Dataset below:
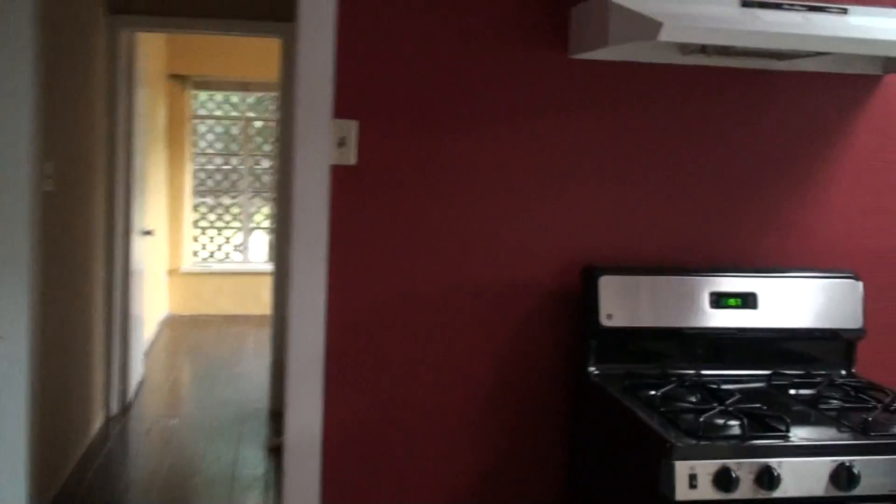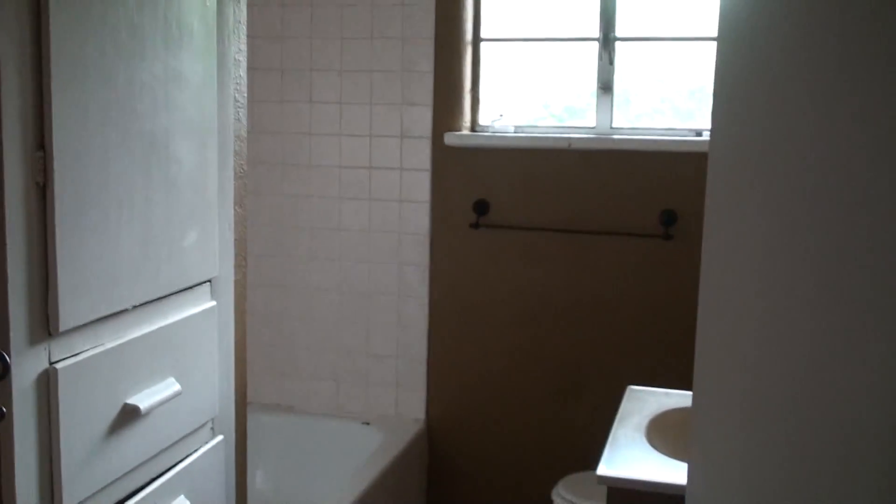It looks like somebody was starting to do some repairs on this and just didn't finish them, but it looks like it's livable. Bathroom number two.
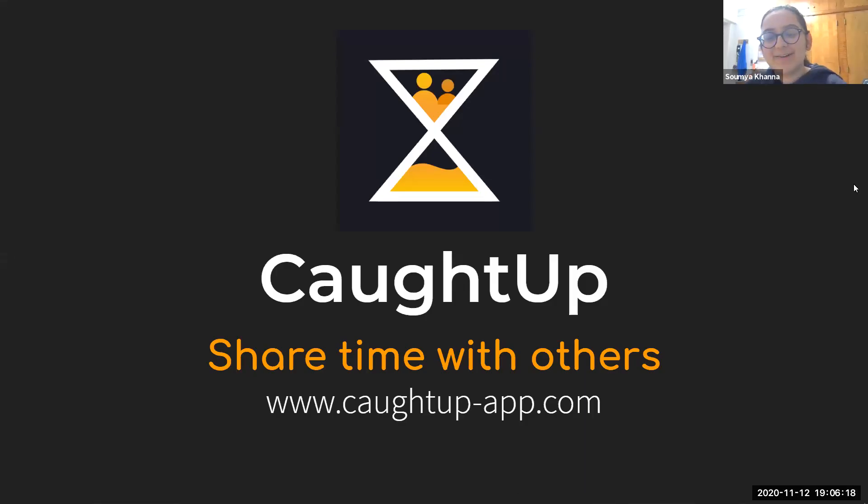Welcome to the third workshop. Today we're going to be introducing ourselves first. Louise and I work on a project called Caught Up. We're Virginia Tech students — I'm a computer science major in my last semester, and Louise is a Virginia Tech alumni working full-time.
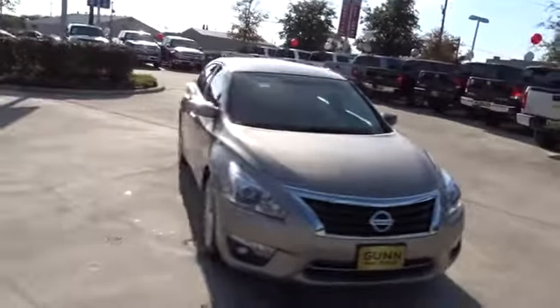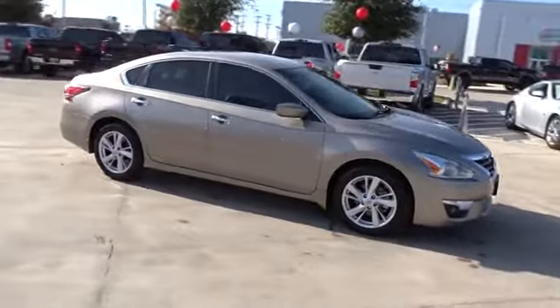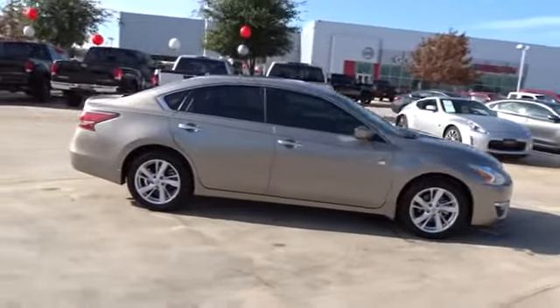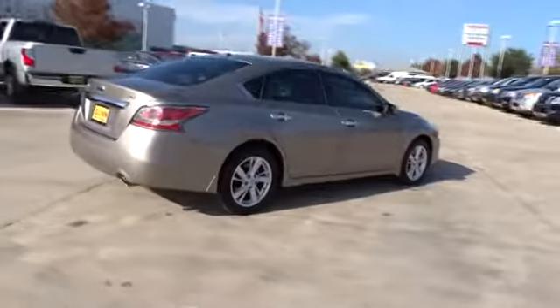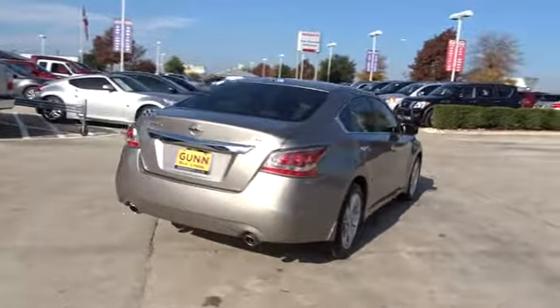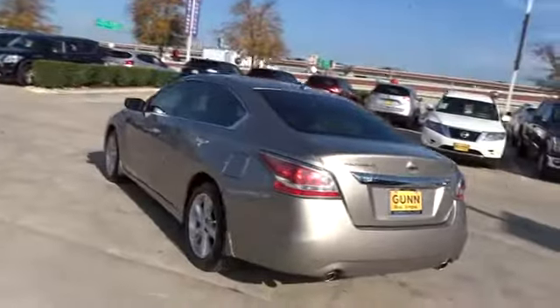The 2015 Nissan Altima. The Nissan Altima offers advanced features to make life easier, and most of the features come standard. Combine that with the powerful engine, six standard airbags, and over 5,000 quality and performance tests, and you'll see the Nissan Altima is made to drive.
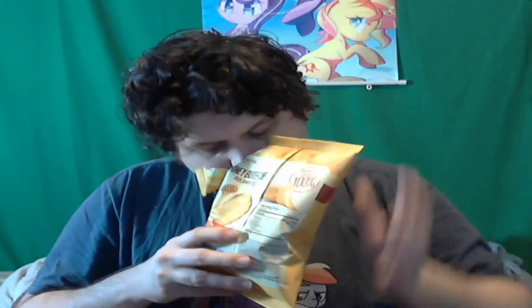Honey butter flavored potato chips. Let's get this open. The smell is mainly potato chip smell, but you get this faint hint of honey, which is to be expected. Let's get a chip out.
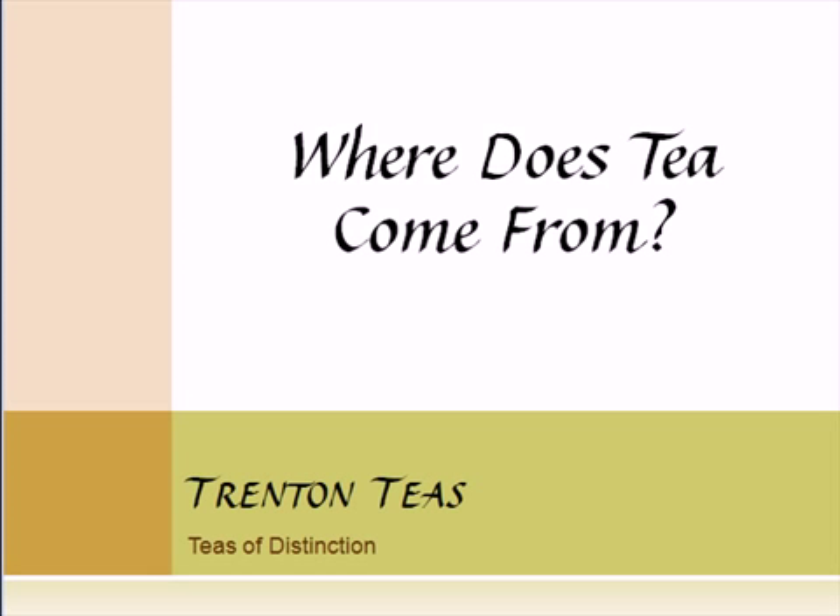Hi, this is Brian Karwalski from TrentonTeas.com, and I would like to answer the question: where does tea come from?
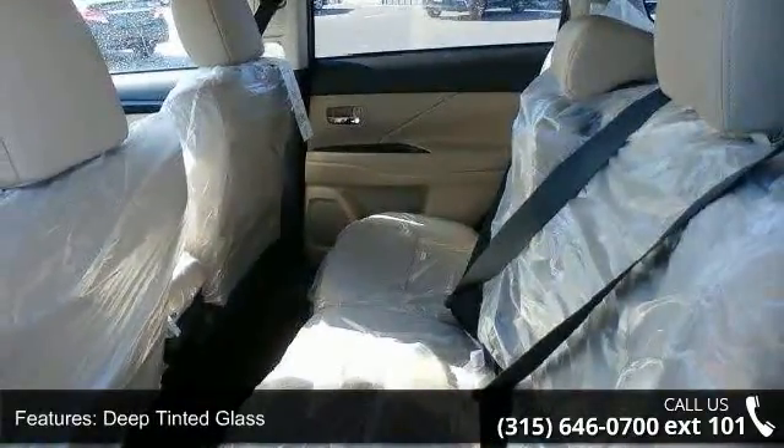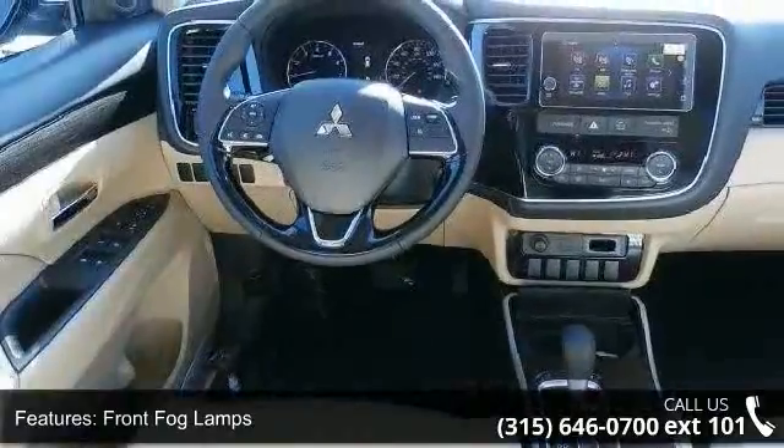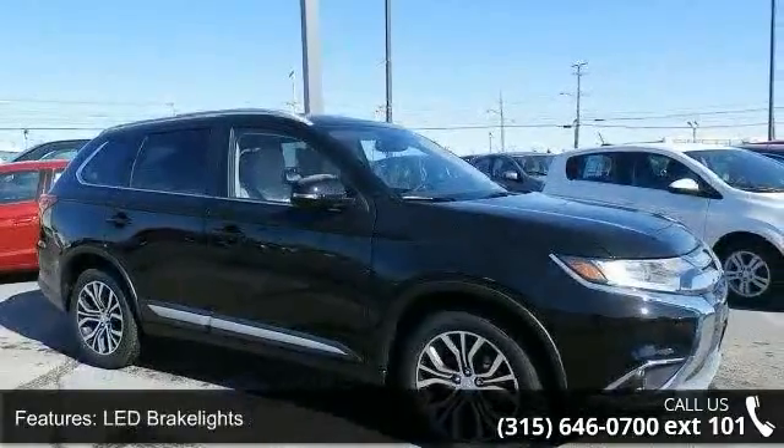Low mileage is an important factor in your purchase and this vehicle delivers a low odometer reading. This car won't be available much longer. Call now to schedule a test drive at our dealership.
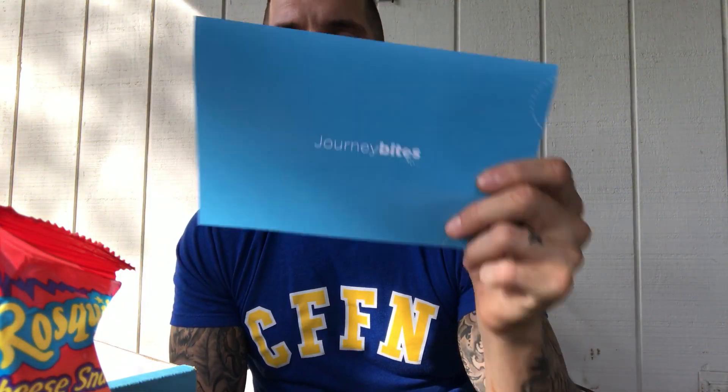Journey Bites — journeybites.com — different country every box, tons of stuff. Most of it I've never seen before. This is the second Journey Bites box I've gotten and the first one was the same: a lot of new stuff, a lot of fresh stuff. Highly recommend it — look it up and enjoy!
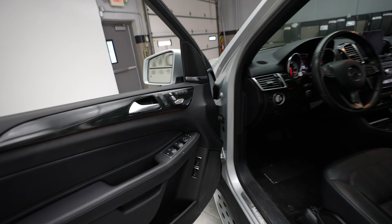Memory seats. Driver seat controls. Driver door controls. Driver seats. Steering wheel controls. This vehicle has 40,666 miles, with a push button ignition.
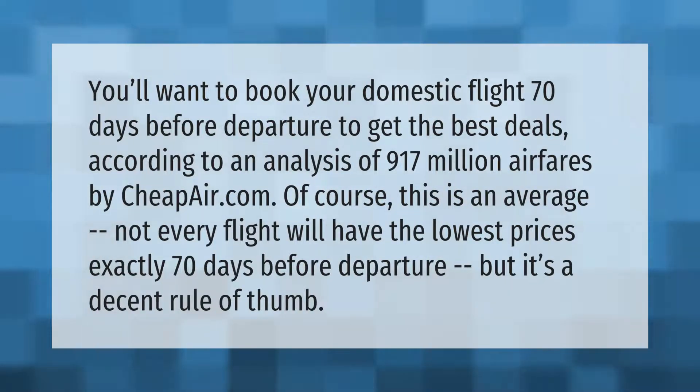You'll want to book your domestic flight 70 days before departure to get the best deals, according to an analysis of 917 million airfares by cheapair.com. Of course, this is an average — not every flight will have the lowest prices exactly 70 days before departure, but it's a decent rule of thumb.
End of Dataset.
> **Exercise**
Every record must be copied exactly, with the pictures left out.

> **The completed task**
It looks like somebody was starting to do some repairs on this and just didn't finish them, but it looks like it's livable. Bathroom number two.
Welcome to the third workshop. Today we're going to be introducing ourselves first. Louise and I work on a project called Caught Up. We're Virginia Tech students — I'm a computer science major in my last semester, and Louise is a Virginia Tech alumni working full-time.
The 2015 Nissan Altima. The Nissan Altima offers advanced features to make life easier, and most of the features come standard. Combine that with the powerful engine, six standard airbags, and over 5,000 quality and performance tests, and you'll see the Nissan Altima is made to drive.
Honey butter flavored potato chips. Let's get this open. The smell is mainly potato chip smell, but you get this faint hint of honey, which is to be expected. Let's get a chip out.
Hi, this is Brian Karwalski from TrentonTeas.com, and I would like to answer the question: where does tea come from?
Low mileage is an important factor in your purchase and this vehicle delivers a low odometer reading. This car won't be available much longer. Call now to schedule a test drive at our dealership.
Journey Bites — journeybites.com — different country every box, tons of stuff. Most of it I've never seen before. This is the second Journey Bites box I've gotten and the first one was the same: a lot of new stuff, a lot of fresh stuff. Highly recommend it — look it up and enjoy!
Memory seats. Driver seat controls. Driver door controls. Driver seats. Steering wheel controls. This vehicle has 40,666 miles, with a push button ignition.
You'll want to book your domestic flight 70 days before departure to get the best deals, according to an analysis of 917 million airfares by cheapair.com. Of course, this is an average — not every flight will have the lowest prices exactly 70 days before departure, but it's a decent rule of thumb.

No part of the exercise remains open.